TASK ITEM: A precise copy of the data is required, with every picture left out.

Caption-style text data:
....

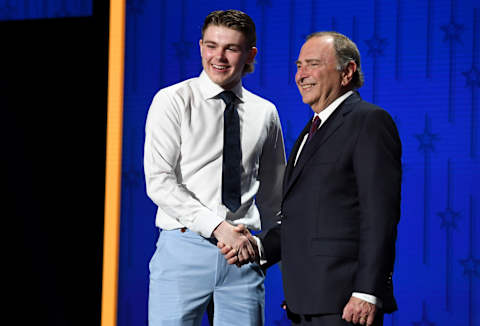 Jun 28, 2023; Nashville, Tennessee, USA; Buffalo Sabres draft pick Zach Benson shakes hands with NHL commissioner Gary Bettman after being selected with the thirteenth pick in round one of the 2023 NHL Draft at Bridgestone Arena. Mandatory Credit: Christopher Hanewinckel-USA TODAY Sports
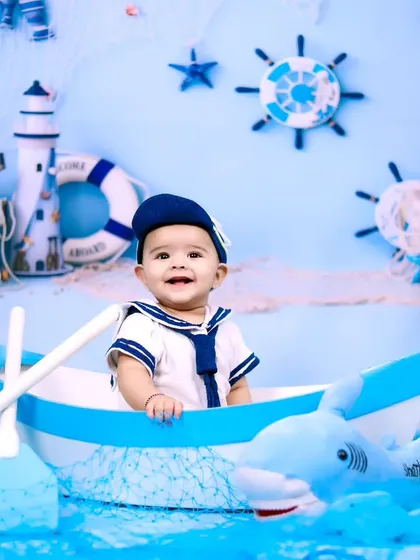 A happy sailor boy in his boat, surrounded by a sea of blue and friendly sharks.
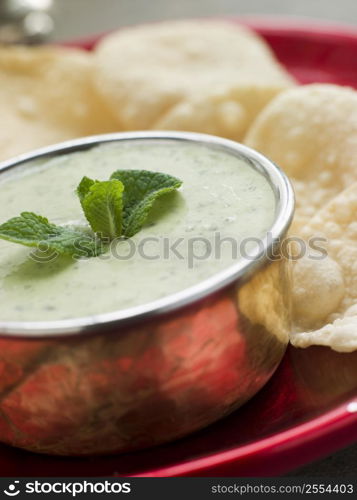 Fresh Green Yoghurt Chutney with mini Papadoms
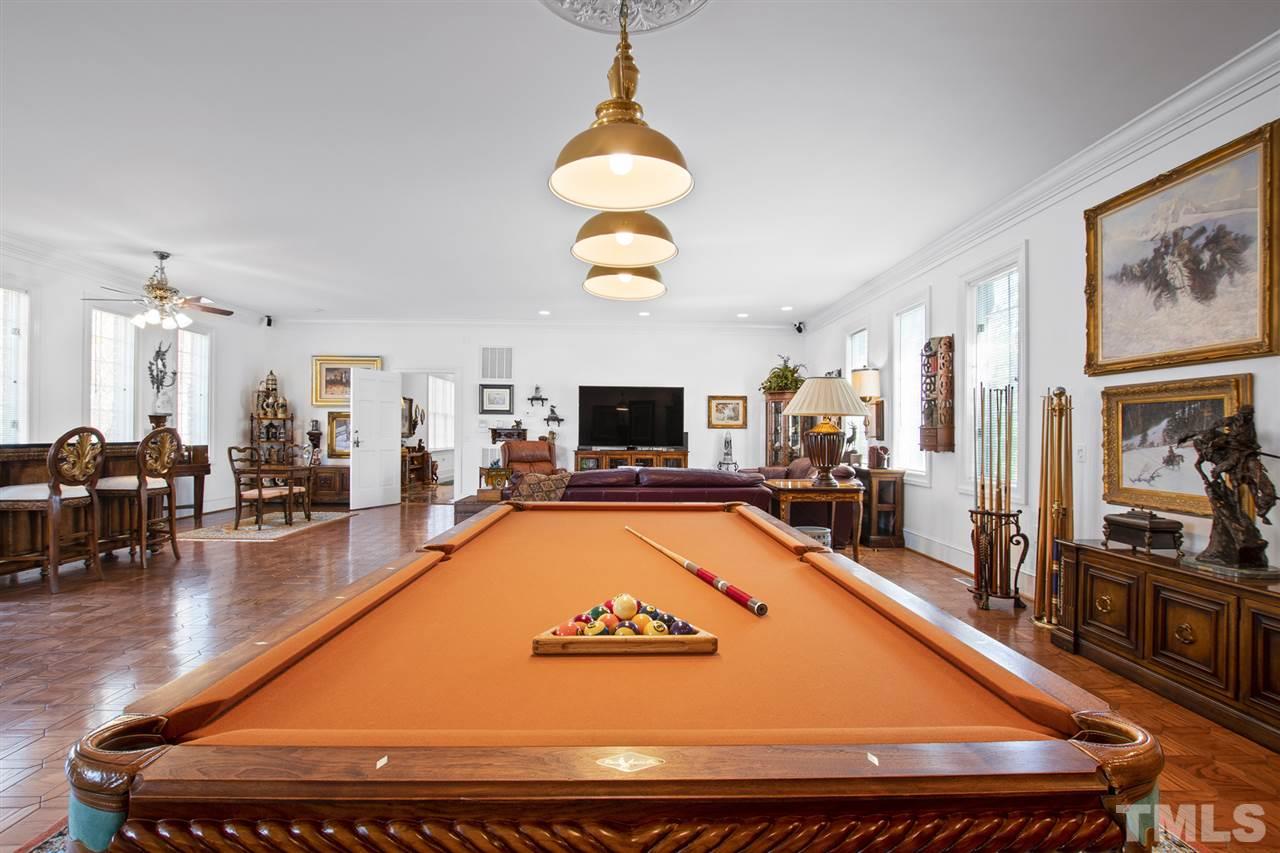 Incredible family entertaining space, large enough for pool table, bar, tv area, and various game tables.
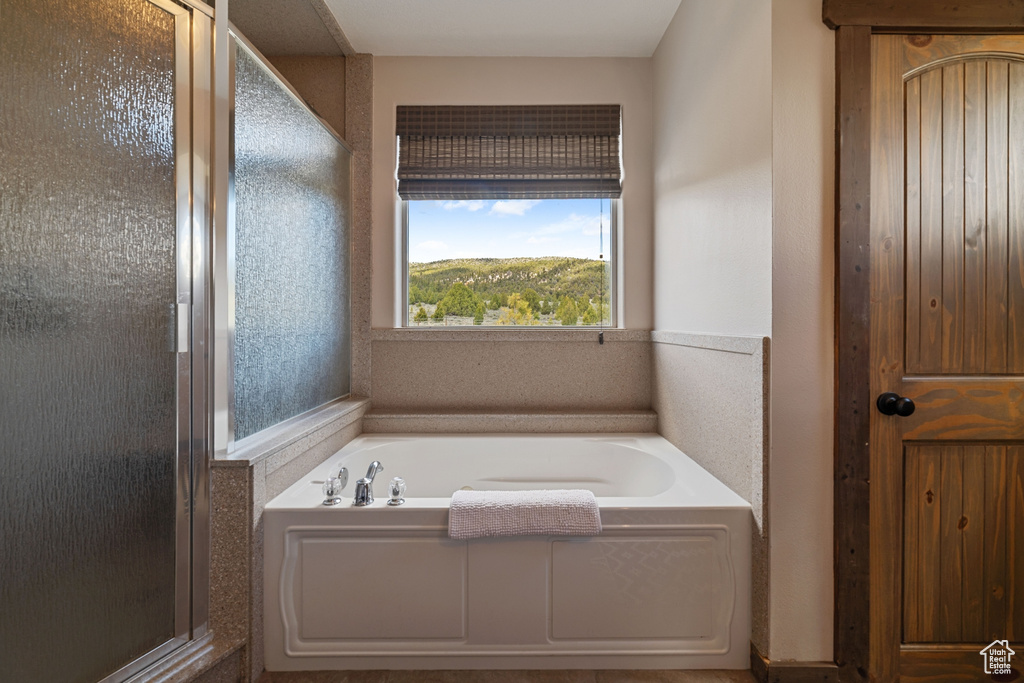 Full bath featuring a bath and a shower stall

....

SOLUTION TO THIS EXERCISE:
 Jun 28, 2023; Nashville, Tennessee, USA; Buffalo Sabres draft pick Zach Benson shakes hands with NHL commissioner Gary Bettman after being selected with the thirteenth pick in round one of the 2023 NHL Draft at Bridgestone Arena. Mandatory Credit: Christopher Hanewinckel-USA TODAY Sports
 A happy sailor boy in his boat, surrounded by a sea of blue and friendly sharks.
 Fresh Green Yoghurt Chutney with mini Papadoms
 Incredible family entertaining space, large enough for pool table, bar, tv area, and various game tables.
 Full bath featuring a bath and a shower stall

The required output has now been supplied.